Walden Anita, Nahm Meredith, Barnett M Edwina, Conde Jose G, Dent Andrew, Fadiel Ahmed, Perry Theresa, Tolk Chris, Tcheng James E, Eisenstein Eric L
Duke University, Durham, North Carolina, USA.
Stud Health Technol Inform. 2011;164:82-8.
New data management models are emerging in multi-center clinical studies. We evaluated the incremental costs associated with decentralized vs. centralized models.
We developed clinical research network economic models to evaluate three data management models: centralized, decentralized with local software, and decentralized with shared database. Descriptive information from three clinical research studies served as inputs for these models.
The primary outcome was total data management costs. Secondary outcomes included: data management costs for sites, local data centers, and central coordinating centers.
Both decentralized models were more costly than the centralized model for each clinical research study: the decentralized with local software model was the most expensive. Decreasing the number of local data centers and case book pages reduced cost differentials between models.

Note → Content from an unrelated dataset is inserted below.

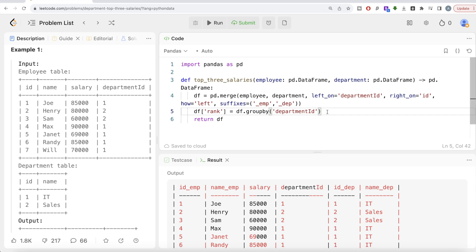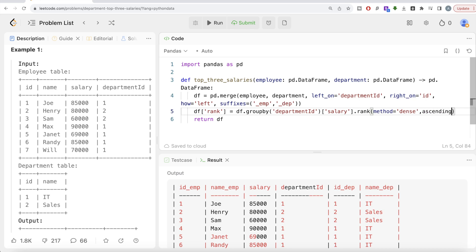Once we group by department ID, we take the salary column and apply rank. The method we are going to use is dense, because we do not want to skip ranks when there is a tied salary. We also need to rank the highest salary first, so we write ascending=False. Let me go ahead and run this.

Decentralized vs. centralized data management in multi-center clinical research studies is associated with increases in data management costs.
多中心临床研究中正在出现新的数据管理模式。我们评估了分散式与集中式模式相关的增量成本。
我们开发了临床研究网络经济模型来评估三种数据管理模式:集中式、使用本地软件的分散式以及使用共享数据库的分散式。来自三项临床研究的描述性信息用作这些模型的输入。
主要结局是数据管理总成本。次要结局包括:各研究点、本地数据中心和中央协调中心的数据管理成本。
对于每项临床研究,两种分散式模式的成本均高于集中式模式:使用本地软件的分散式模式成本最高。减少本地数据中心数量和病例记录页数可缩小各模式之间的成本差异。
多中心临床研究中分散式与集中式数据管理会导致数据管理成本增加。